For Content Creators and Content Consumers to function in the real world; however, those actors must be grouped with actors from a workflow or transport profile. For example, the Cardiology Imaging Report Content (CIRC) Profile defines the discrete content of a cardiology report. Typically, some of the data for the report is created and accessible from another machine such as a modality or other electronic health record. In this case, the Content Creator would be grouped with the Image Enabled Office (IEO) Report Creator. Once an instance of a content module is created, it is typically intended to be sent to another location or person. In this case, a Content Consumer could be grouped with an ITI Cross Enterprise Document Sharing (XDS.b) Document Consumer or a Cardiology Displayable Reports (DRPT) Report Manager. These potential actor groupings are defined in Volume 1 of a content module profile.

In addition to groupings, Content Consumers also have the following common set of options defined by the Patient Care Coordination (PCC) domain: 

  • View Option
  • Document Import Option
  • Section Import Option
  • Discrete Data Import Option

These options are defined in PCC TF-2: 3 and should be reviewed in detail.

Finally, when an actor that supports a content module is grouped with an actor that supports a transaction, some of the data from the content module must be carefully mapped into the metadata of the transaction used by the transport actor. This data mapping of a content module to a transaction is called “data binding”. For example, the XDS Document attribute “authorPerson” is explicitly defined to be the concatenation of several CDA attributes beginning with “ClinicalDocument/author/assignedPerson/name/family”, etc. The data bindings of CDA content modules to Cross Enterprise Document Sharing (XDS.b) Profiles is defined in the PCC domain. PCC TF-2: 4 should be reviewed in detail.
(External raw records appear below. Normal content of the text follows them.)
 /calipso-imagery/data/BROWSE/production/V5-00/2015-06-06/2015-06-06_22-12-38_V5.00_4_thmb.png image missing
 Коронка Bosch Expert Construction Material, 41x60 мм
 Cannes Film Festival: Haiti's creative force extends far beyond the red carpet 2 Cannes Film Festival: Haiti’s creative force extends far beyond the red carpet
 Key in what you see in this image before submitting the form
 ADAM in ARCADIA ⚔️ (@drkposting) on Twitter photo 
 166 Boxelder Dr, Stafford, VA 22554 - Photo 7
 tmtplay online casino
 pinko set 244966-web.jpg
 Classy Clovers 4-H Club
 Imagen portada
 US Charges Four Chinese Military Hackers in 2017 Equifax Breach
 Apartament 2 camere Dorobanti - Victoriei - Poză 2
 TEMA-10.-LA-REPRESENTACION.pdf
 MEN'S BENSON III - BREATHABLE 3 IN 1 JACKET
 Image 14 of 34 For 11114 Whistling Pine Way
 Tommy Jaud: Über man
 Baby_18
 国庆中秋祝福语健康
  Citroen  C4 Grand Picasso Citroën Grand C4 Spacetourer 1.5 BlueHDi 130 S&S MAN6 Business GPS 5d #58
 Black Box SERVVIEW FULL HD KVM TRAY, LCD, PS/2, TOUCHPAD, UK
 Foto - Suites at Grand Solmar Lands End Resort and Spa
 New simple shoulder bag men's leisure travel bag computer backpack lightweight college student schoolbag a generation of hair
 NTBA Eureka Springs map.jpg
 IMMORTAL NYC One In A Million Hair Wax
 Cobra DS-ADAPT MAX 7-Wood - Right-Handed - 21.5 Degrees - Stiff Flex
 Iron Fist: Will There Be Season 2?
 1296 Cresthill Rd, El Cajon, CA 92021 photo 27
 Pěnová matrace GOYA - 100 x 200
Appendix E of the General Introduction (this document) defines important content module conventions such as cardinality constraints and optionality constraints for DICOM, HL7 v2 messages, and HL7 CDA documents.

7.5 Technical Framework Cross-references

When references are made to another section within a Technical Framework volume, a section number is used by itself. When references are made to other volumes or to a Technical Framework in another domain, the following format is used:

  • <domain acronym> TF-<volume number>: <section number>, where
  • <domain acronym> is the short designator for the IHE domain (e.g., ITI = IT Infrastructure, RAD = Radiology)
  • <volume number> is the applicable volume within the given Technical Framework (e.g., 1, 2, 3), and
  • <section number> is the applicable section number.

For example:

  • PCC TF-1: 3.1 refers to Section 3.1 in Volume 1 of the IHE Patient Care Coordination Technical Framework.
  • RAD TF-3: 4.33 refers to Section 4.33 in Volume 3 of the IHE Radiology Technical Framework.
  • ITI TF-2: Appendix B refers to Appendix B in Volume 2 of the IHE IT Infrastructure Technical Framework.

When references are made to transaction numbers in the Technical Framework, the following format is used:

  • [<domain designator>-<transaction number>], where
  • <transaction number> is the transaction number within the specified domain.

For example:

  • [ITI-1] refers to Transaction 1 from the IHE IT Infrastructure Technical Framework.